Formulation and Characterization of Quaternary Ammonium Compounds for Novel Application in Enhanced Oil Recovery

Abstract

Enhanced oil recovery (EOR) is the process of residual oil production in the tertiary stage. It requires the injection of external energy sources such as gases, chemicals, and thermal energy in the reservoirs. Chemical enhanced oil recovery (CEOR) can boost the oil recovery significantly by improving the microscopic displacement of oil trapped in the pore spaces of the reservoir rock. Each type of chemical flooding depends on different mechanisms to enhance the oil recovery. Surfactant flooding aims to reduce interfacial tension, alter the wettability of rock to more water wet, and promote the displacement of oil in porous media. The surfactant performance can be affected by temperature, salinity, pH, surfactant concentration, and adsorption. Hence, a comprehensive study of fluid–fluid and rock–fluid interactions is required before any surfactant flooding process.
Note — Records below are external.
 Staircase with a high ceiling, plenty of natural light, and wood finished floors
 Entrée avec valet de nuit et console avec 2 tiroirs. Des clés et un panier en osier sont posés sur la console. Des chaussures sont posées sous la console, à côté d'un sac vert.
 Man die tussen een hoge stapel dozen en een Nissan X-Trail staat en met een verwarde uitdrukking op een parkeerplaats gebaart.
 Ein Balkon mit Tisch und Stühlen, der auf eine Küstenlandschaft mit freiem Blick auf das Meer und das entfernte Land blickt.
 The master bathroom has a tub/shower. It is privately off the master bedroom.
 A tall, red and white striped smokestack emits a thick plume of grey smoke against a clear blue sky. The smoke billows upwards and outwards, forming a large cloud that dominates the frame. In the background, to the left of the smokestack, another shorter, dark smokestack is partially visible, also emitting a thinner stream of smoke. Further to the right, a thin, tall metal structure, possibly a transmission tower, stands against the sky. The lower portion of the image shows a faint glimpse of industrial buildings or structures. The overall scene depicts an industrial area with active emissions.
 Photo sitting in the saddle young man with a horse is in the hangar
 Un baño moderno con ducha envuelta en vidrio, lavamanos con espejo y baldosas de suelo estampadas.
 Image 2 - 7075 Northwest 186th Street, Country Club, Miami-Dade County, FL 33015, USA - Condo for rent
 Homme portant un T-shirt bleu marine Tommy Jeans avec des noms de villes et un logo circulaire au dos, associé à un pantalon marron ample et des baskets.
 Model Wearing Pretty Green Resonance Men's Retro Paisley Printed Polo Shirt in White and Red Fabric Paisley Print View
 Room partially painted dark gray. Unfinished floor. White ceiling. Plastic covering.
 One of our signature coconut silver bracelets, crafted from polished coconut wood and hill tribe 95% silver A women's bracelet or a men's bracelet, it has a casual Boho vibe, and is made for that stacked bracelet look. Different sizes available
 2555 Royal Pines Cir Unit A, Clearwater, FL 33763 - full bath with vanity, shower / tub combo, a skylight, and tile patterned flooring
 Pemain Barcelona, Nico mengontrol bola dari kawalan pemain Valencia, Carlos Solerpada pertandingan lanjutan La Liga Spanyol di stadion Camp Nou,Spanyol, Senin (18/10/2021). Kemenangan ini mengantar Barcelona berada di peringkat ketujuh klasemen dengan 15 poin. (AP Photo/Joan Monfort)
This characterization study aims to evaluate the cationic surfactants, tetramethylammonium chloride (TMAC) and hexadecyltrimethylammonium chloride (HTMAC), which have the potential to be EOR fluids for carbonate reservoirs in harsh conditions. The surfactant solutions were prepared in seawater. TGA, FTIR, solubility and compatibility, IFT, contact angle, and zeta potential tests have been carried out to characterize these surfactants. The obtained results revealed that the cationic surfactants are stably compatible under harsh conditions. Moreover, the results demonstrated that HTMAC has high potential to be used as an EOR fluid by lowering the IFT from 21.4 to 0.16 mN/m and shifting the contact angle from 159.6 to 40° within 24 h of aging at a low concentration (100 ppm). In contrast, TMAC has little effect on IFT; it reduced IFT from 21.4 to 10.2 mN/m and could not alter the wettability to a water-wet condition. Further investigation has been done using a cosurfactant (SS-885) with TMAC to evaluate the effect of this mixture on IFT and contact angle. Using a low concentration (100 ppm) of the mixture reduced the IFT to an ultralow value (0.03) mN/m but had little effect on the contact angle.